### Task description
Each line in the data must be reproduced as written, except for any picture.

### Available data
####################
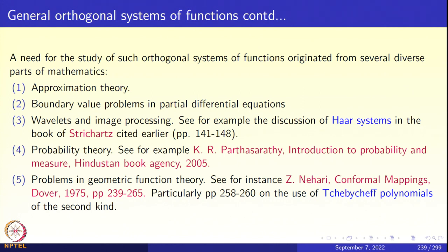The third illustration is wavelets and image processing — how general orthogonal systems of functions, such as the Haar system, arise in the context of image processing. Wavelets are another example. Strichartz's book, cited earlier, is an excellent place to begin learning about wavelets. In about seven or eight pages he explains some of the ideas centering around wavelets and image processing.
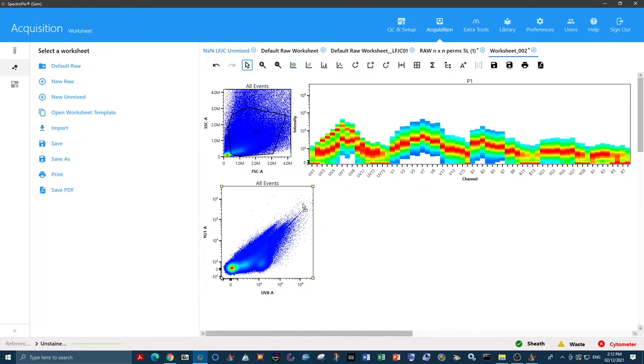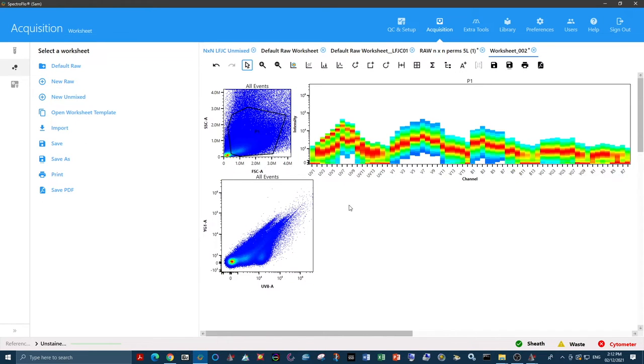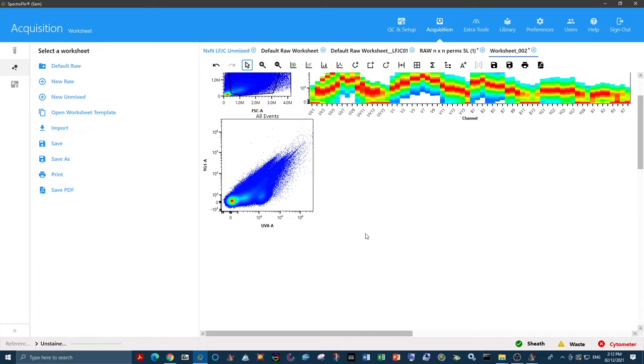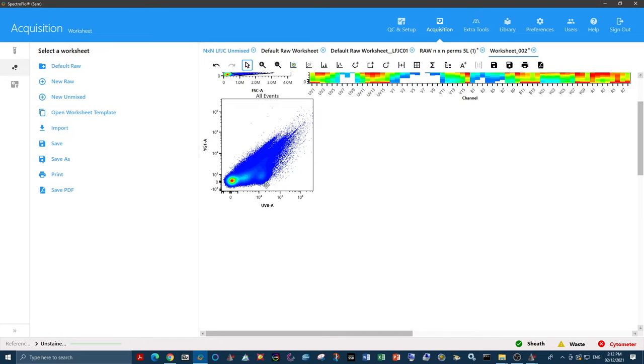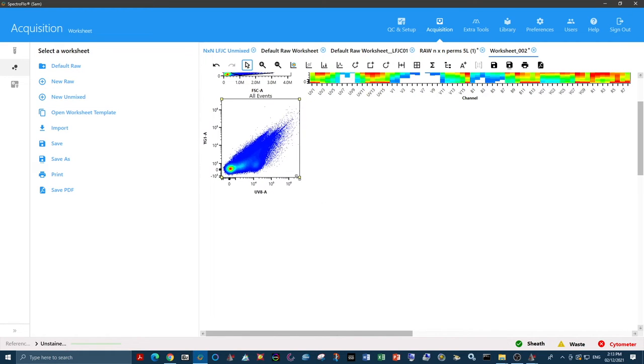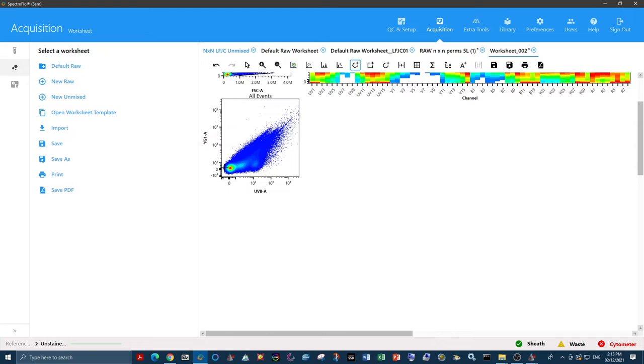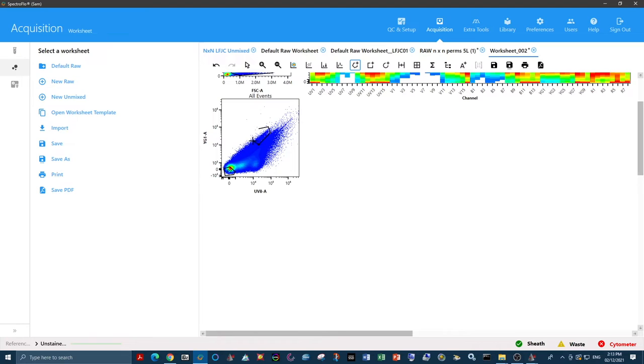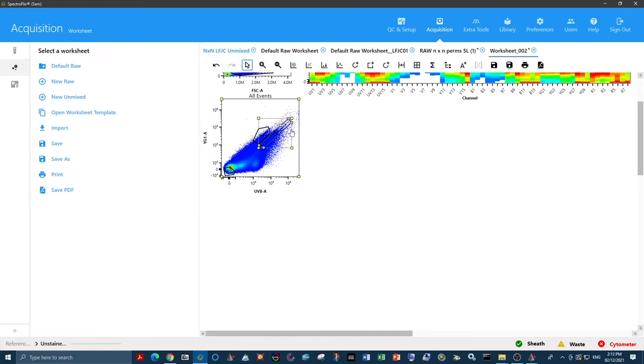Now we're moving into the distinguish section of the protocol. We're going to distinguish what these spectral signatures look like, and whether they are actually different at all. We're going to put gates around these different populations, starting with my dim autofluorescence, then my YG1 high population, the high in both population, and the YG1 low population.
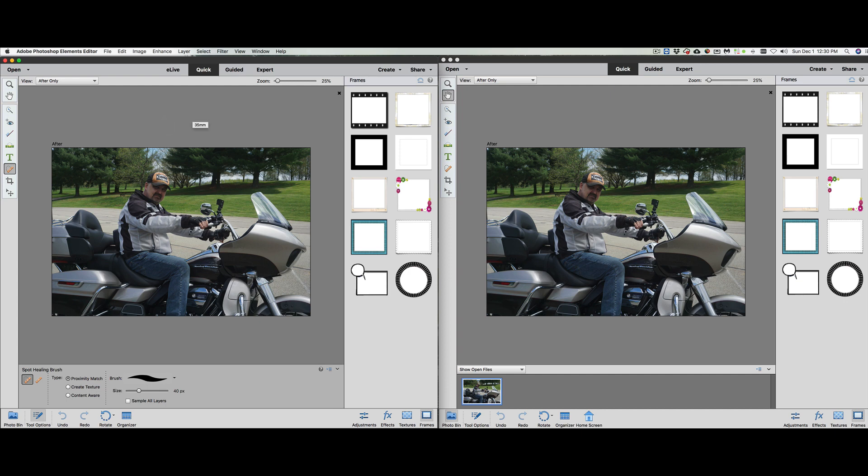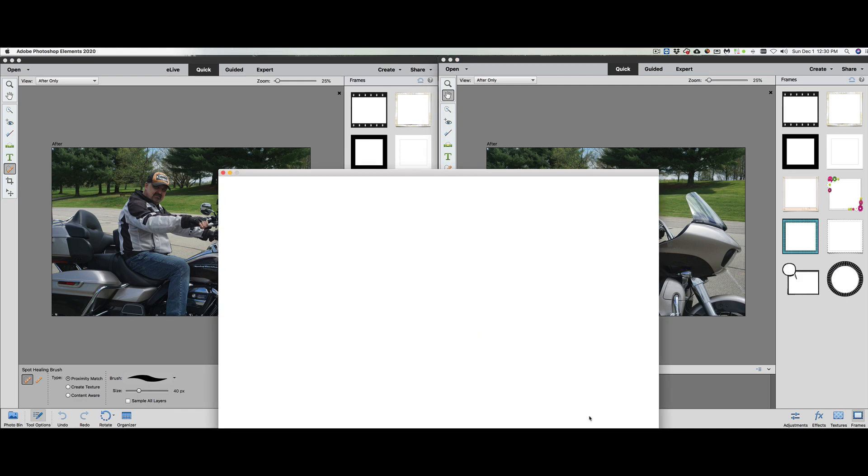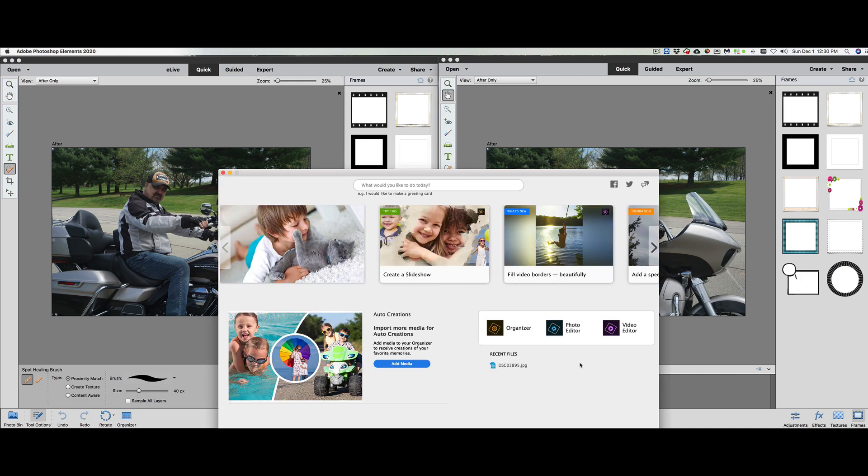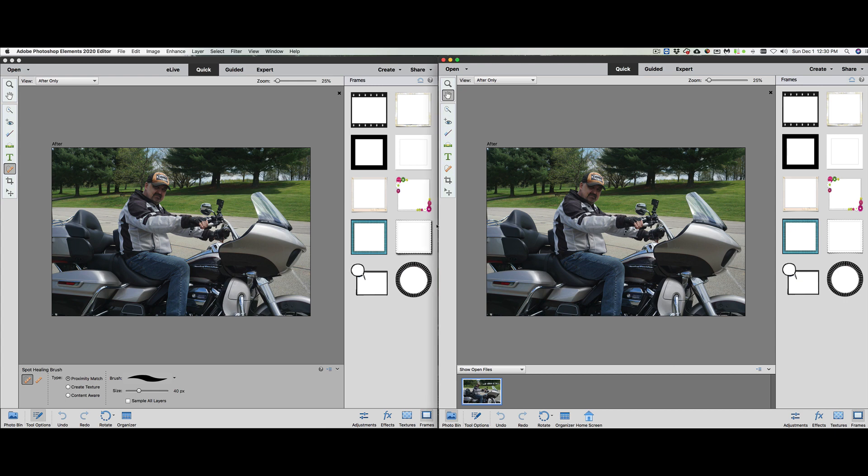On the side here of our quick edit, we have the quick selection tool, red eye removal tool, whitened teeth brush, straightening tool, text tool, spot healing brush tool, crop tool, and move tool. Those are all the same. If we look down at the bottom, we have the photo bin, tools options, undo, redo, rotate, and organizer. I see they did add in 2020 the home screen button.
####################
### Solved exercise
The third illustration is wavelets and image processing — how general orthogonal systems of functions, such as the Haar system, arise in the context of image processing. Wavelets are another example. Strichartz's book, cited earlier, is an excellent place to begin learning about wavelets. In about seven or eight pages he explains some of the ideas centering around wavelets and image processing.
Now we're moving into the distinguish section of the protocol. We're going to distinguish what these spectral signatures look like, and whether they are actually different at all. We're going to put gates around these different populations, starting with my dim autofluorescence, then my YG1 high population, the high in both population, and the YG1 low population.
On the side here of our quick edit, we have the quick selection tool, red eye removal tool, whitened teeth brush, straightening tool, text tool, spot healing brush tool, crop tool, and move tool. Those are all the same. If we look down at the bottom, we have the photo bin, tools options, undo, redo, rotate, and organizer. I see they did add in 2020 the home screen button.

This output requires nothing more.